NEGLIGENCE OF THE CREDITOR.—It is generally true that the creditor is under no obligation to be diligent in the pursuit of the debtor. Consequently, a mere negligence of the creditor, to sue or otherwise attempt to collect a claim against his debtor, although there is a surety for the creditor, does not relieve the surety of his liability. Mere delay, then, in proceeding against the principal debtor, does not release the surety, unless there is between the creditor and principal debtor a valid and binding agreement, under which a delay does prejudice the surety.

DISCHARGE OF SURETY.—A surety is discharged by the payment or performance, by the principal, of the condition in the agreement. It is even held that the surety is discharged if a tender of payment has been made to the principal, after the debt is due, and it is refused by him. In such a case, the tender amounts practically to a payment of the debt and a new loan creating a new contract. It sometimes occurs that the creditor has collateral security for the payment of the debt, or secures control of money or property of the debtor and which he may lawfully apply to the debtor's obligations under certain circumstances. The principal may voluntarily surrender or dispose of these securities. In such a case, the surety is discharged from liability to the extent of the value of the securities disposed of or surrendered. Of course, the surety is not discharged where the principal takes additional securities, or if some securities are given up and sufficient are retained by the principal to pay the debt, the surety is not relieved and cannot complain, for the reason that he has not been injured.

RIGHTS OF SURETY.—It is a well established rule of law that where the surety is obliged to make good on his contract he is entitled to relief, the law implying a promise on the part of the principal to reimburse the surety for any damages which he suffers. Of course, this assumes that the surety was legally bound to pay the debt. If he pays it because it is a moral obligation or for any other reason which the law does not recognize as legally binding, he is not able to compel the principal to reimburse him.

RIGHT OF CONTRIBUTION.—One of the peculiar remedies, which the courts of equity have developed, is that of contribution. This right is frequently used in the law of suretyship. When one of two or more sureties, for the same obligation, has paid more than his share of the debt, he is entitled to be reimbursed for the excess by his co-sureties. This right is known as the right of contribution. As has been said before, a surety, if he pays when he is not legally bound to do so, must stand the loss himself; and the same is true where he is one of several co-sureties. Thus, if one co-surety pays a debt, which is barred by the statute of limitations, he would not, in that case, be entitled to contribution from his other co-sureties.

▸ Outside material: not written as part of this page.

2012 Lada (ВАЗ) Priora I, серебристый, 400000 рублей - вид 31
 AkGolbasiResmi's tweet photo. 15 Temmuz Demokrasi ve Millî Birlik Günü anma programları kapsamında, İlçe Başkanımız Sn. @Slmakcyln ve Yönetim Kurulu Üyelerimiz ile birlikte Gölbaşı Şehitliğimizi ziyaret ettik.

SURETY COMPANIES.—Surety companies conduct such a large business at the present time that a word should be said about them in connection with this topic. The surety company is a corporation, and its powers are, of course, defined by its charter, and the laws of the State in which it is incorporated. In general, surety companies are authorized to guarantee performance of contracts and to execute bonds and undertakings required by the courts. One tendency is noticeable in recent years. The kind of suretyship, we have been referring to, is generally that in which the surety is an individual, who undertakes his task for no consideration, and for that reason, as we have said, the courts construe the contract of suretyship strictly in favor of the surety. More and more, now, the practice of the individual becoming a surety is decreasing, and in his place the surety companies offer their services in a more satisfactory manner, under modern business conditions, but with the striking difference, that the surety company offers its services only for pay, which will net the company a profit. Hence, the rule that the contract should be construed strictly in favor of the surety does not fit the case of the surety company which is paid for its services. In the case of the American Surety Co. v. Paulu, 170 U. S. 133, and in many other cases, the rule is laid down, that the contract will be construed against the surety company and in favor of the indemnity which the obligee has reasonable grounds to expect. So, it has been held that a surety company will not be relieved on its contract, by an extension of time to the principal, and that there is no presumption that the surety was injured by the extension unless the injury is actually proved.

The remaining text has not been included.